Meet Your Merchant: Rasmussen trades IVs for ink

BRIAN DUGGAN
bduggan@nevadaappeal.com

Sallie Rasmussen planned to spend her life as a nurse.

But after nearly 40 years running Economy Speed Press in Carson City, Rasmussen has made her life’s work more about ink than IV drips.

“That’s where I wanted to be,” said Rasmussen, 72, of the career she went to school for but ultimately never pursued. Instead, she’s been preparing things like envelopes, business cards and wedding invitations for people and businesses in Carson City since 1973.

The print shop started inside a 250-square-foot converted hotel room in North Carson City. In 1974, the business moved to its current location, inside an old home on Curry Street.

When Rasmussen first started, she would take the orders, set the type on the press, make the copies and call the customer.

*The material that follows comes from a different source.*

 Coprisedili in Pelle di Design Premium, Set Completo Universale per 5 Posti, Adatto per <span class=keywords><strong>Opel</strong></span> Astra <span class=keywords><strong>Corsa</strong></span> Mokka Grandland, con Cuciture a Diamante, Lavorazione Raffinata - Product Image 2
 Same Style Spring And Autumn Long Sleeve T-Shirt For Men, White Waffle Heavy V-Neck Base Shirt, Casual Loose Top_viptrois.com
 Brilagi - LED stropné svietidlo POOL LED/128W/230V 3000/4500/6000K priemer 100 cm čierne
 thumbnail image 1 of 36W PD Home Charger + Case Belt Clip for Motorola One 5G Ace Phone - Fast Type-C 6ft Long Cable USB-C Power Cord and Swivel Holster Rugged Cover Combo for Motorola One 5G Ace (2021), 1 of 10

The reason for all the responsibility? “There wasn’t anybody else,” she said.

Things have changed since then.

Today, she’s still working with her five employees, including graphic designers and her pressman, Eric Neusel, 49.

Many of the machines in the shop were manufactured in the early-to-mid 20th century, including a German-made Heidelberg and a paper cutter from the early 1900s. Nearby are two digital Xerox machines Rasmussen recently added to the business.

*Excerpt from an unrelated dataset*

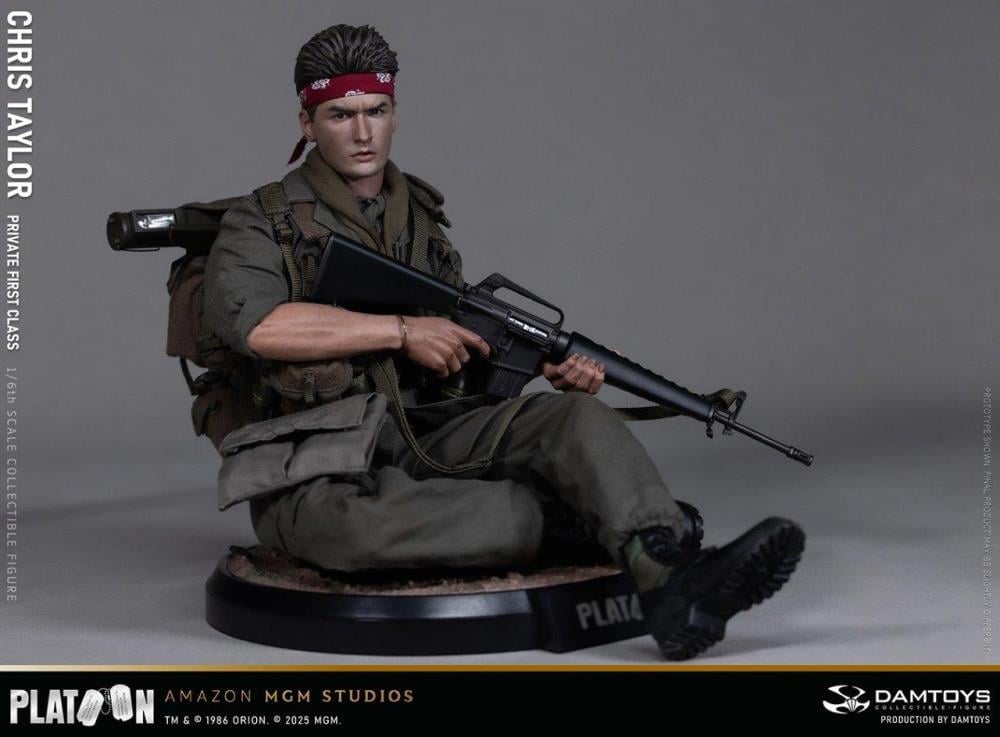 Platoon Chris Taylor 1/6 Scale Action Figure Gallery Image 5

Looking back on her time spent at Economy Speed Press, Rasmussen said she’s most proud of providing jobs for locals and a service for the community.

“I guess I wasn’t supposed to be (a nurse),” she said. “I sold the place three times and had to come back each time.”

There have been ups and downs over the years.

“I got my finger caught in the press one time,” she said.

Rasmussen said she was stuck for about an hour. The fire department eventually came to her aid, but they told her they would have to destroy the press to get her finger out.

“I said this is my income, you will not destroy the press,” she said. Instead, they used a torch to remove just enough of the machine to free her finger.

Business has picked up a little since the recession started. In the worst of the economic downturn, Rasmussen said she was only making enough to cover payroll.

“We all need to earn money,” she said “That’s why we’re all here is because we need to earn a living. I just think it’s so important to keep this many people employed and not have to be afraid every day that their job is gone.”

The most important lessons Rasmussen has taken over the years is the importance of customer service.

“I think we furnish a need for keeping things local and keeping people that are interested in the town to stay involved,” Rasmussen said.